Nuevamente permanezco en silencio.

– Oliver…

Sólo silencio.

– Oliver, puedes decirme…

– Lo robamos -digo de golpe.

– ¿Perdón?

– No pensamos que ese dinero perteneciera a nadie; buscamos los datos de tu padre, pero había muerto… y el estado no había podido encontrar a ningún familiar, de modo que pensamos que nadie saldría perjudicado.

– ¿Lo robasteis?

– Sabía que no debía hacerlo, se lo dije a Charlie, pero cuando descubrí que Lapidus me estaba jodiendo… y Shep dijo que podíamos sacarlo del banco… Todo parecía tener sentido. Pero lo siguiente que supimos fue que nos habíamos quedado con trescientos millones de dólares del dinero del servicio secreto.

Gillian tose como si estuviera a punto de ahogarse.

– ¿Cuántos millones?

La miro fijamente a los ojos. Si estuviese trabajando contra nosotros es imposible que hubiese atacado a Gallo y DeSanctis de la forma que lo hizo. En cambio, lo hizo. Nos salvó la vida. Del mismo modo en que me salvó anoche cuando estábamos debajo del agua. Es hora de que le devuelva el favor.

– Trescientos trece.

– ¿Trescientos trece millones?

Asiento.

– ¿Robaste trescientos trece millones de dólares?

– No deliberadamente… no esa suma. -Espero que comience a gritar, o me abofetee, o me corte el cuello, pero no hace nada de eso. Simplemente se queda sentada. En una perfecta postura india. En absoluto silencio-. Gillian, sé lo que estás pensando, sé que es tu dinero…

– ¡No es mi dinero!

– Pero tu padre…

– ¡Ese dinero hizo que le mataran, Oliver! Para lo único que sirve ahora es para forrar su ataúd. -Alza la vista y sus ojos están llenos de lágrimas-. ¿Cómo pudiste no decírmelo?

– ¿Qué se suponía que debía decir? Hola, soy Oliver, acabo de robar trescientos trece millones de dólares del dinero de tu padre, ¿quieres venir y quedarte con un buen pedazo? Charlie y yo sólo queríamos saber si estaba vivo. Pero después de conocerte… y pasar un tiempo contigo… yo nunca quise hacerte daño, Gillian, especialmente después de todo esto.

– Pudiste contármelo anoche…

– Quería hacerlo… lo juro.

– ¿Por qué no lo hiciste entonces?

– Yo sólo… sabía que te haría daño.

– ¿Y piensas que esto no me hace daño?

– Gillian, no tenía intención de mentirte…

– Pero lo hiciste.
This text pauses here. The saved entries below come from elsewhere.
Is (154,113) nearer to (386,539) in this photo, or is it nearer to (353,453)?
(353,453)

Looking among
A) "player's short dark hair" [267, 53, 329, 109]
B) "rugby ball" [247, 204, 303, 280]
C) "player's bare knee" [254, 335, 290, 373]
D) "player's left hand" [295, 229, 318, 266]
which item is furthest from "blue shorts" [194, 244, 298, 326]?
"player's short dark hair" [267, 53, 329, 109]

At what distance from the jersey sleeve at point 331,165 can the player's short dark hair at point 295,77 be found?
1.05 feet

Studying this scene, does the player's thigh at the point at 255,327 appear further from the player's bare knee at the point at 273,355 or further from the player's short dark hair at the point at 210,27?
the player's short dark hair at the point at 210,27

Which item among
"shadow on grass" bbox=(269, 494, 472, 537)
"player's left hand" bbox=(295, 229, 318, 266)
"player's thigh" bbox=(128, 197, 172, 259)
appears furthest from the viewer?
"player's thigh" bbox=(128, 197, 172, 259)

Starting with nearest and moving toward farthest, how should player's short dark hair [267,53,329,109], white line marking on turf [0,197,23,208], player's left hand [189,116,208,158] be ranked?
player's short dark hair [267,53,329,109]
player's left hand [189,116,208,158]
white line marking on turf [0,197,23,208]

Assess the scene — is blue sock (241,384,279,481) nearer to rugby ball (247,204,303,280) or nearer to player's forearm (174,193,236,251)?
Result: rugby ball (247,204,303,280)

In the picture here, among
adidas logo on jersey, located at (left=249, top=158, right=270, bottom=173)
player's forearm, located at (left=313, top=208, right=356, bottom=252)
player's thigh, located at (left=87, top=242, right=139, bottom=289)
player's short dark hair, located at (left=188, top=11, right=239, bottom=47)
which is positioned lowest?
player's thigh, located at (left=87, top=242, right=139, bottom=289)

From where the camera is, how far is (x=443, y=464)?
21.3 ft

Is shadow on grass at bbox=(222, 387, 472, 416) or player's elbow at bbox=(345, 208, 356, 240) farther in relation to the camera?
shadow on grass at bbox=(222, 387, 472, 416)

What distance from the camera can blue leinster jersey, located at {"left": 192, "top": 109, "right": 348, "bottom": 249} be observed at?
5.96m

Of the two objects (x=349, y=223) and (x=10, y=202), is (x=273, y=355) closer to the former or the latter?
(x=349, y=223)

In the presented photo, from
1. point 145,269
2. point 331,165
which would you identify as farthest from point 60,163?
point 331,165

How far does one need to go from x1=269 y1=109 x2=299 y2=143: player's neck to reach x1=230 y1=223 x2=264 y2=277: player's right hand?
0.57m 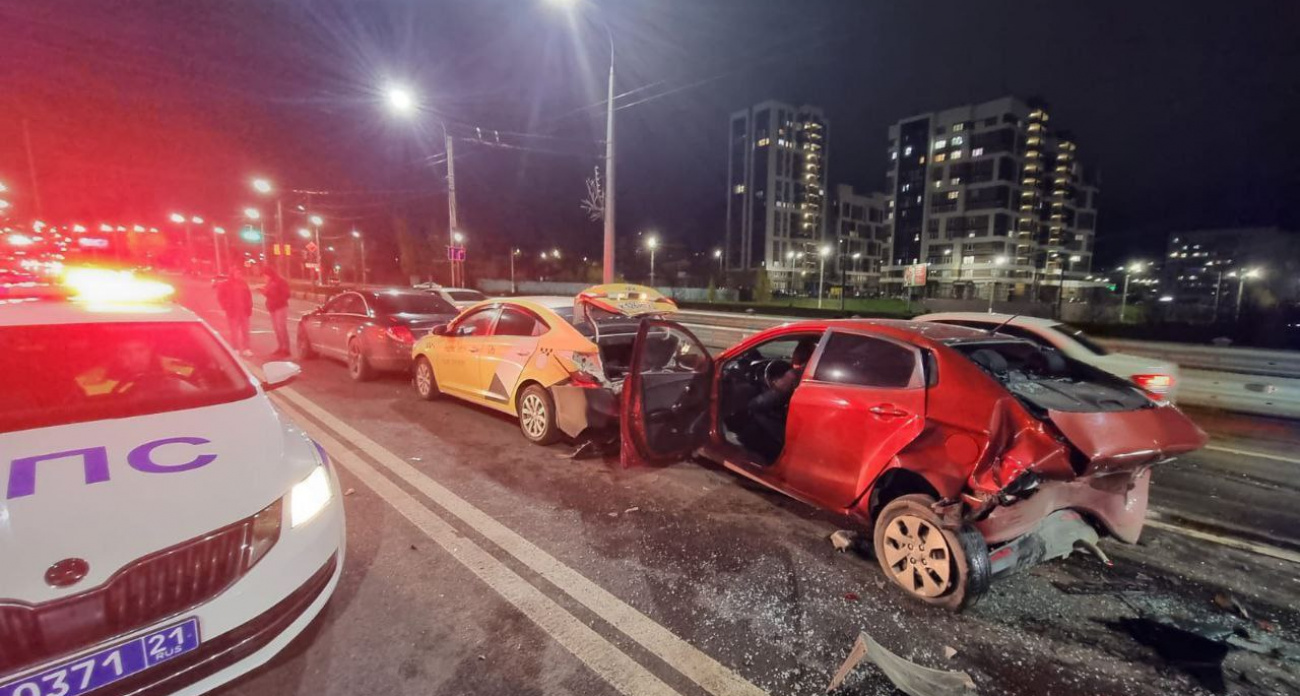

Lo hiciste -insiste con voz temblorosa.

Aparto la vista, incapaz de mirarla a los ojos.

– Si pudiera volver a hacerlo todo otra vez, no lo haría -susurro.

Gillian solloza ante mi comentario, pero eso no contribuye a mejorar la situación para mí.

– Gillian, te juro que…

– No se trata siquiera de que me mintieses -me interrumpe-. Y ciertamente no tiene nada que ver con un montón de dinero sucio -añade, enjugándose las lágrimas con el dorso de la mano. Aún está conmocionada, pero percibo las primeras señales de ira-. ¿Aún no lo entiendes, Oliver? ¡Sólo quiero saber por qué mataron a mi padre!

Mientras pronuncia esas palabras, el temblor que se percibe en la parte posterior de su garganta hace que sienta un estremecimiento en los hombros y nuevamente me recuerda qué hemos venido a hacer aquí. Alzo la barbilla y me contemplo en el espejo. Bolsas oscuras debajo de los ojos. Pelo negro en mi cabeza. Y mi hermano que sigue desaparecido.

Por favor, Charlie -dondequiera que te encuentres- regresa a casa.